GIVEN DATA
=-=-=

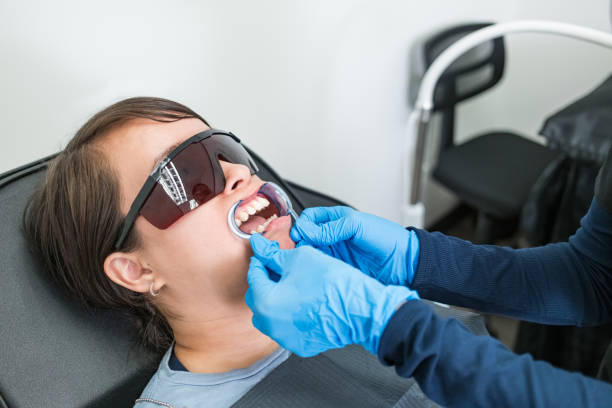 Best Knocked-Out Tooth (Avulsed Tooth) Treatment in USA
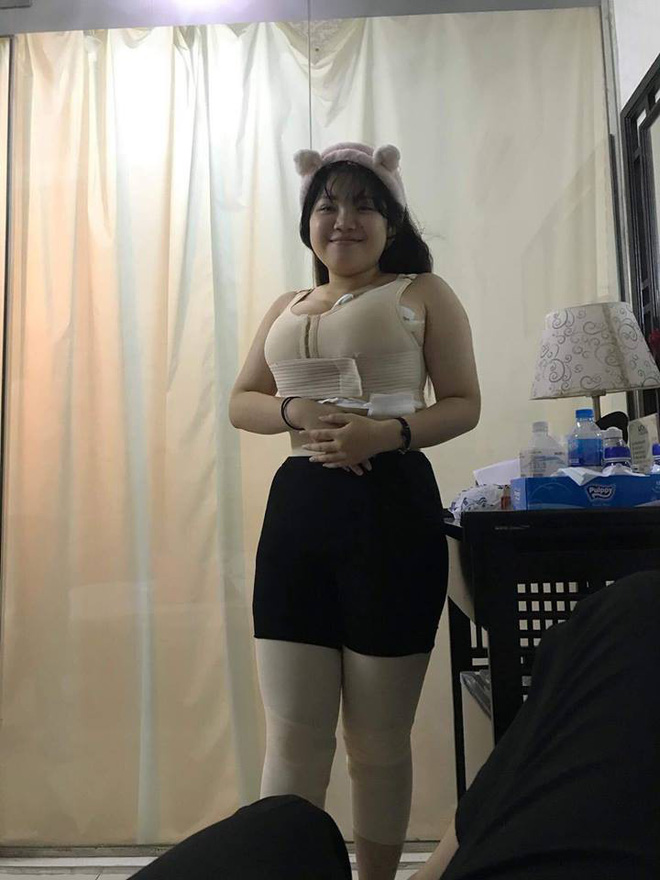 Nữ sinh siêu vòng 1 bất ngờ xuất hiện với thân hình eo ót sau khi hút 9 lít mỡ thừa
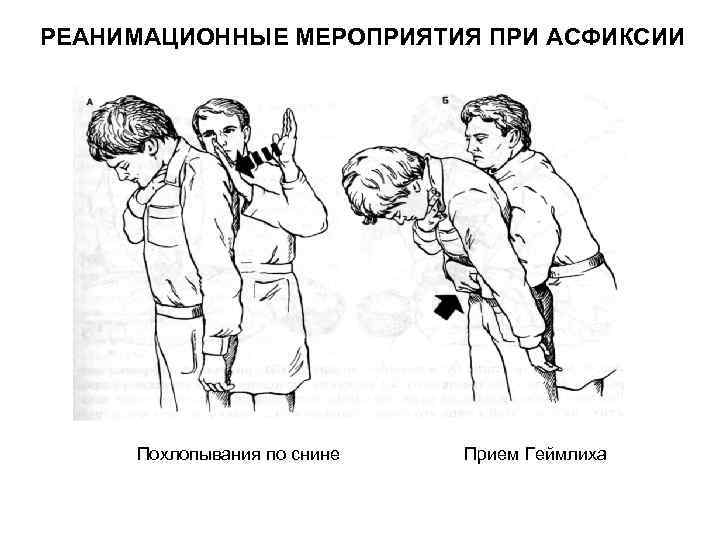 РЕАНИМАЦИОННЫЕ МЕРОПРИЯТИЯ ПРИ АСФИКСИИ Похлопывания по снине Прием Геймлиха 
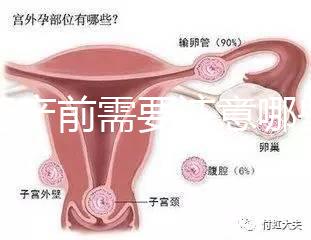 孕婦產前需要注意哪些事項？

=-=-=

AIM OF THE TASK
All of the material above should be set down again exactly, though not its pictures.

EXERCISE RESULT
 Best Knocked-Out Tooth (Avulsed Tooth) Treatment in USA
 Nữ sinh siêu vòng 1 bất ngờ xuất hiện với thân hình eo ót sau khi hút 9 lít mỡ thừa
 РЕАНИМАЦИОННЫЕ МЕРОПРИЯТИЯ ПРИ АСФИКСИИ Похлопывания по снине Прием Геймлиха 
 孕婦產前需要注意哪些事項？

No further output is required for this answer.